Catharsis d'un soir sans lune
Elle enterre ses heures sombres...
Sans rancune.
02:37 Lien permanent | Commentaires (1) | Envoyer cette note
20 mai 2008
Redîtes moi des choses tendres
L'air de rien,
Elle s'est retournée vers lui et a lancé:
Le coeur a ses raisons
Que toi tu ne connais pas.
Oui mais je m'incline chaque jour devant toi
Je m'incline sans que jamais tu ne le voies,
Oui mais moi j'ai au coeur cette flamme sans éclat
Mais qui brûle de ne pas t'avoir près de moi.
Parlons d'amour! Parlons d'amour!
Et même si c'est pour la millième fois!
Parlons des rêves qui s'extasient dans la fosse de l'oubli
Des fantasmes non assouvis de six milliards d'entre nous!

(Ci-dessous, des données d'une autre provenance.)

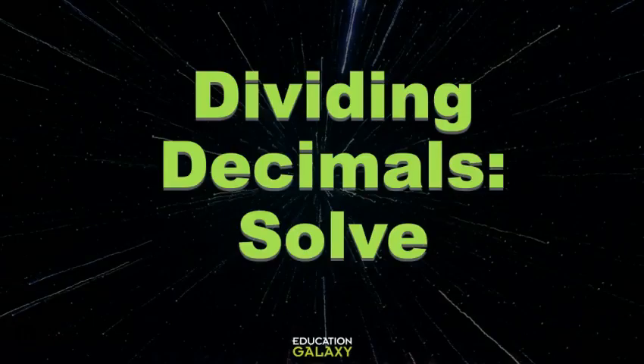Hey guys, Alien Puppy here. We're going to do some more work with dividing decimals, and this time we'll focus on solving.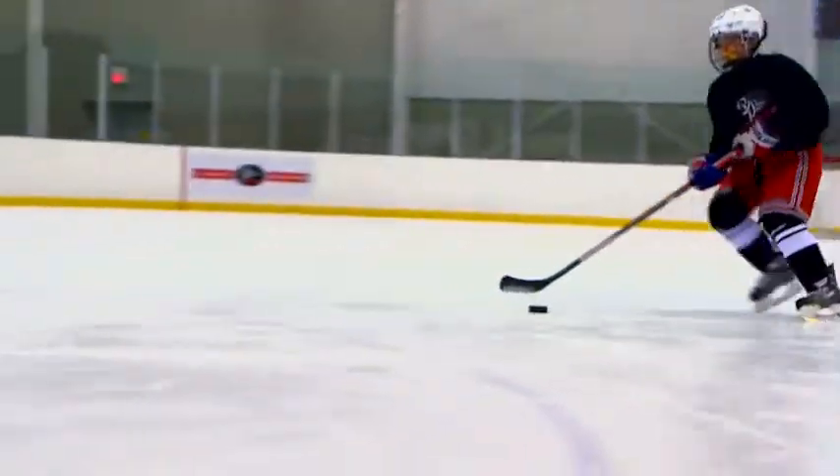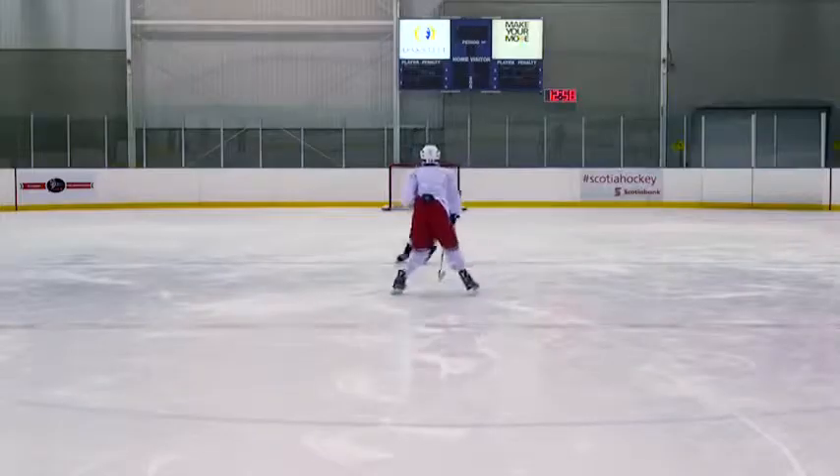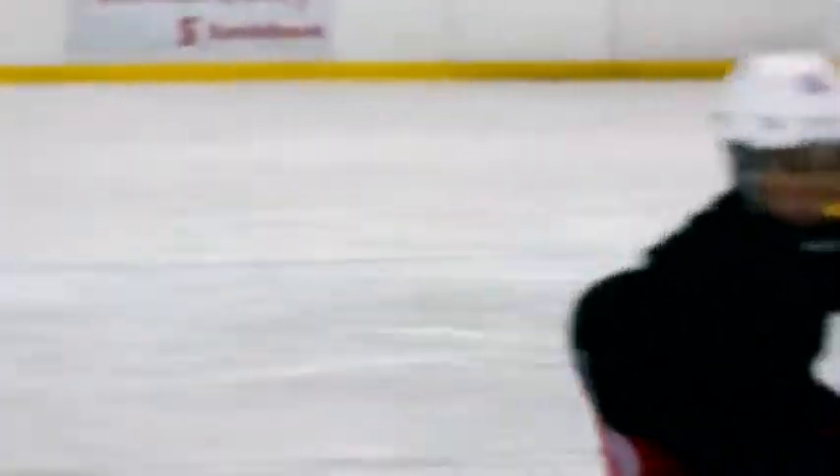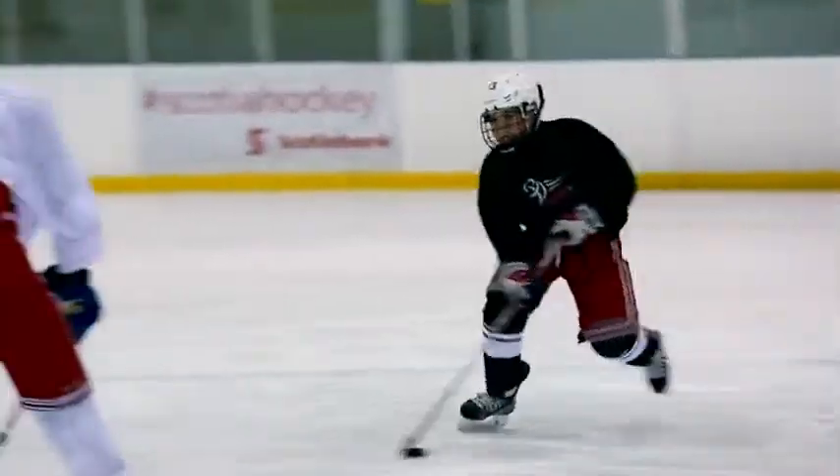On the forehand side, keep two hands on the stick. On the backhand side, throw the puck wide and catch it with one hand on the stick. Extend your arms away from your body, cupping the puck with the blade of the stick. Keep your head up and read options and pressure.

Et même si ma plume ne reçoit que des mots froids
Qui ne parlent jamais de toi
Parlons d'amour, et la plume brisons-là!
Parlons de ces courbes oniriques que tu peinds à chaque fois
Parlons de cette chimèrique petite peste de passion,
Parle moi.
Car moi j'ai froid
Plus
Beaucoup plus que tu le crois.
J'ai froid dans les Limbes du Poête qui S'oublie
J'ai froid, sans la chaleur des futurs non-saisis,
André Breton n'y pourra rien,
Pour cette fois-ci.
Le miroir la fixait, sans le moindre effroi,
Le miroir
Son reflet
Seul témoin de ses ébats.
19:52 Lien permanent | Commentaires (0) | Envoyer cette note
19 mai 2008
Keep secret
Sur la place publique
Chacun son secret
Celui qu'on cache aux autres
Ou celui qu'on se cache à soi même:
Je vous ai pardonné
Je t'aime encore un peu
Je ne t'aurais pas tendu la main si tu ne m'avais pas tendu la tienne
Je suis désolée que tu ne le sois pas.
Je crois que je n'aurais pas du ouvrir cette lettre qui t'étais adressée
J'ai cherché d'autres appartements pour ne plus vivre dans le tien
J'ai quand même déchirer ta photo
Je veux un enfant
même si c'est ringard et dérangeant.
Je ne sais même pas où tu vis.
J'y repense souvent.
Je regrette de ne pas t'avoir dit mon nom
Je rêve de toi enfant
Je suis seul, au fond.
Tu ne sauras jamais que ce mot était pour toi
J'ai fait des recherches pour vous retrouver
C'est moi qui ai caché tes valises
T'es bien plus qu'une amie.
Je te déteste à présent
Je le pensais pas quand j'ai dit que t'étais pas bête.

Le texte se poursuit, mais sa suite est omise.